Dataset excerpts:
Content starts
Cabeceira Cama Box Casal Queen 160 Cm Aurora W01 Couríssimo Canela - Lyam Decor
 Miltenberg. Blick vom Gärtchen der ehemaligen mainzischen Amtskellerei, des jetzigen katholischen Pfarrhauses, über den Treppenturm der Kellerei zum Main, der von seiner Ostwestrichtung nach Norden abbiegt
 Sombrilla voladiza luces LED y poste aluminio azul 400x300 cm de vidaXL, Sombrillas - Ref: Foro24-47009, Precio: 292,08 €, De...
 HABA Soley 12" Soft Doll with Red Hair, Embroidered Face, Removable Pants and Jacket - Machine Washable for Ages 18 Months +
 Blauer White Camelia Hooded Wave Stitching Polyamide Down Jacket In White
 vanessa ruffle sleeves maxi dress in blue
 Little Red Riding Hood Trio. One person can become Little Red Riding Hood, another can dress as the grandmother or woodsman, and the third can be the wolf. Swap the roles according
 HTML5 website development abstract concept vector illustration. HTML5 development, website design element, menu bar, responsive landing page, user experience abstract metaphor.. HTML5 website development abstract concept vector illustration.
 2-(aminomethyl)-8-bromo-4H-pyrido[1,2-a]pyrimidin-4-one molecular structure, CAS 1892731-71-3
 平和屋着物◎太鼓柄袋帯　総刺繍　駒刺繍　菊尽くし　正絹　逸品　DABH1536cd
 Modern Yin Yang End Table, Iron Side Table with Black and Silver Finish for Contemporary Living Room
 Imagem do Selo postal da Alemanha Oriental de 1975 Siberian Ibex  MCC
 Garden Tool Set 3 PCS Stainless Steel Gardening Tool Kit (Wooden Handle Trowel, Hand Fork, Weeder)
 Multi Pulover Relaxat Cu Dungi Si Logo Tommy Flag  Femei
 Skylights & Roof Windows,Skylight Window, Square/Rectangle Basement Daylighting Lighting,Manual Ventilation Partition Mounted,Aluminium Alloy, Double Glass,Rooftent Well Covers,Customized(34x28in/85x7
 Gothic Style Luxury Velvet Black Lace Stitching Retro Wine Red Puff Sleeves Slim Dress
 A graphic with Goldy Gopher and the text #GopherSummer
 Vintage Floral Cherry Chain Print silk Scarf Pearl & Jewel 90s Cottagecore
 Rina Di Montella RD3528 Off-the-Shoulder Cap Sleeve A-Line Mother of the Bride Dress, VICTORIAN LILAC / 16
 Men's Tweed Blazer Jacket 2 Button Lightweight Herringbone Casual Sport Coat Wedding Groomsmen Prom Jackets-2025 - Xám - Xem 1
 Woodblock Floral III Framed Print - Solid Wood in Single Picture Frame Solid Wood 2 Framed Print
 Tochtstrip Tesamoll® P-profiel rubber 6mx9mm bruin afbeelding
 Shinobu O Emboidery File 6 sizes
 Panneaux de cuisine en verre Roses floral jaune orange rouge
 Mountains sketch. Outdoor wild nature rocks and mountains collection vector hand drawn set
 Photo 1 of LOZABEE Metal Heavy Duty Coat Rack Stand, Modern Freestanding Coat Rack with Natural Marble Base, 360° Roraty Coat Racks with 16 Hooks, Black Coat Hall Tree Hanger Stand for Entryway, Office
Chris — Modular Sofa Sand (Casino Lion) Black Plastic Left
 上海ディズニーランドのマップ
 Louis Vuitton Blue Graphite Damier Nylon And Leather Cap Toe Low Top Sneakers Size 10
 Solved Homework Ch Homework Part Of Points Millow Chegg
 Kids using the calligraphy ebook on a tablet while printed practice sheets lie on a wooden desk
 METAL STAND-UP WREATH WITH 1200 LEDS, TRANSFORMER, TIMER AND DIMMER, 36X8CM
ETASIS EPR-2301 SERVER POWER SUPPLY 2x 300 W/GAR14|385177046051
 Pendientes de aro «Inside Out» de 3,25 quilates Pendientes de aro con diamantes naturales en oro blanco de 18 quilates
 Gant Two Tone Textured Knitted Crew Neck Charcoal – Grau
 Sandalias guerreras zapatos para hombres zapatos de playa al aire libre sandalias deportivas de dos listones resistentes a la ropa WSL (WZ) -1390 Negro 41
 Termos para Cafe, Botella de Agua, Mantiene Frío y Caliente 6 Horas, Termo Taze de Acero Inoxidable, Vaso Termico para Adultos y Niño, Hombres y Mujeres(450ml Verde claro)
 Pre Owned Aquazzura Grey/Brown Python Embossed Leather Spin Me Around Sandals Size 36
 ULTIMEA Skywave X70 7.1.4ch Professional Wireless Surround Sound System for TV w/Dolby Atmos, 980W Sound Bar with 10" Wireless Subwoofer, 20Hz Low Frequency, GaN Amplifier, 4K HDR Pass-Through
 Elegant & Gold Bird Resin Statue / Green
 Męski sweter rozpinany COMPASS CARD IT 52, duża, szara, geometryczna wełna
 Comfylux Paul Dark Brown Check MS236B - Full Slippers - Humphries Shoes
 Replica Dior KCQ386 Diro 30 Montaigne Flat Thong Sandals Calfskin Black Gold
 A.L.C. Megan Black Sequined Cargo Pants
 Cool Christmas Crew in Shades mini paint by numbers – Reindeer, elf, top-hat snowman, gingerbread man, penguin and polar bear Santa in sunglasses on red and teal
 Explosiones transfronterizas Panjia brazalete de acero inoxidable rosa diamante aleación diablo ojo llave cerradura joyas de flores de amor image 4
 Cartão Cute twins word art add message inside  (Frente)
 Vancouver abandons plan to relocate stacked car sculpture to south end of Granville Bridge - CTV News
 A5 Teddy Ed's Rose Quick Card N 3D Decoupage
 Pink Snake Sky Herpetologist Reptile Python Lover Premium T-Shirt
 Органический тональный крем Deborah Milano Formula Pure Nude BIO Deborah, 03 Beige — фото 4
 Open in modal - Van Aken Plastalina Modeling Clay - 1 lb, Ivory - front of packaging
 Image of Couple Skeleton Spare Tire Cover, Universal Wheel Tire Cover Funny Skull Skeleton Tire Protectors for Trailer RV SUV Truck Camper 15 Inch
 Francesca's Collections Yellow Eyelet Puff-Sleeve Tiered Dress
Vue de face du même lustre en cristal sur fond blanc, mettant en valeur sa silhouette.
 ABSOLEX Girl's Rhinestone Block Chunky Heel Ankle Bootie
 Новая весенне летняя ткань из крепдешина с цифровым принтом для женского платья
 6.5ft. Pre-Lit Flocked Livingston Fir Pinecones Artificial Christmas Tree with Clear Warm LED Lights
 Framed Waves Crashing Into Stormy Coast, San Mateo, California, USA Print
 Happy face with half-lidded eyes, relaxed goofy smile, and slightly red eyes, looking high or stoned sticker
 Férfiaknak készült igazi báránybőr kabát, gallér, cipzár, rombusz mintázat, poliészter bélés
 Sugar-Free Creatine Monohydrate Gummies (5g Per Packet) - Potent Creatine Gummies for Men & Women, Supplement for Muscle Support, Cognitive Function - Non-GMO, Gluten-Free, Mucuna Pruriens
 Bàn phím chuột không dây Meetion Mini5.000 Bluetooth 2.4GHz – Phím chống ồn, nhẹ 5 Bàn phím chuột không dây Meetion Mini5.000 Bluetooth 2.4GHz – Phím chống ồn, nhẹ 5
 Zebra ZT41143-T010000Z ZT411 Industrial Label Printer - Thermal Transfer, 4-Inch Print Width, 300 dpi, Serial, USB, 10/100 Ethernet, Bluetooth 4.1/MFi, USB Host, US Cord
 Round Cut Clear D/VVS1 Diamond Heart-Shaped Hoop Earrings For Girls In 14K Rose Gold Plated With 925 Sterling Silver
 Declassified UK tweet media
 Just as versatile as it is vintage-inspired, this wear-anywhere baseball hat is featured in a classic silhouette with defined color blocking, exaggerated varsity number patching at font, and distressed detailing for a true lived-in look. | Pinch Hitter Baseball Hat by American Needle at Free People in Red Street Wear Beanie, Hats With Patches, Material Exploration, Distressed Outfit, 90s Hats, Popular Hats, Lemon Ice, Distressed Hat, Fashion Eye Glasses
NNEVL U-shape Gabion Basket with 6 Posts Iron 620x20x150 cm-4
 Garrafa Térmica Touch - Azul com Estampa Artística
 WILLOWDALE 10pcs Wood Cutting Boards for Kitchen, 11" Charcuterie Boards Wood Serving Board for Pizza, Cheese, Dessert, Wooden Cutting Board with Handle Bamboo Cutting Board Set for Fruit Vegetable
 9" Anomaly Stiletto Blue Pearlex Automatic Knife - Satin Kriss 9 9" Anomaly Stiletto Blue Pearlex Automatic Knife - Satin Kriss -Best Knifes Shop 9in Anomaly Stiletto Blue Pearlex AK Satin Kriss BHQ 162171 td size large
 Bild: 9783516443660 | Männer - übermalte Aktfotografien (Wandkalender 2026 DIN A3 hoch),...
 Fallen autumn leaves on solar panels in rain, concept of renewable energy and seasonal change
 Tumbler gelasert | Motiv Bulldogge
Content ends
TASK STATEMENT: Check each line above for the word "concept" and copy the ones that have it.

FINISHED EXERCISE:
 HTML5 website development abstract concept vector illustration. HTML5 development, website design element, menu bar, responsive landing page, user experience abstract metaphor.. HTML5 website development abstract concept vector illustration.
 Fallen autumn leaves on solar panels in rain, concept of renewable energy and seasonal change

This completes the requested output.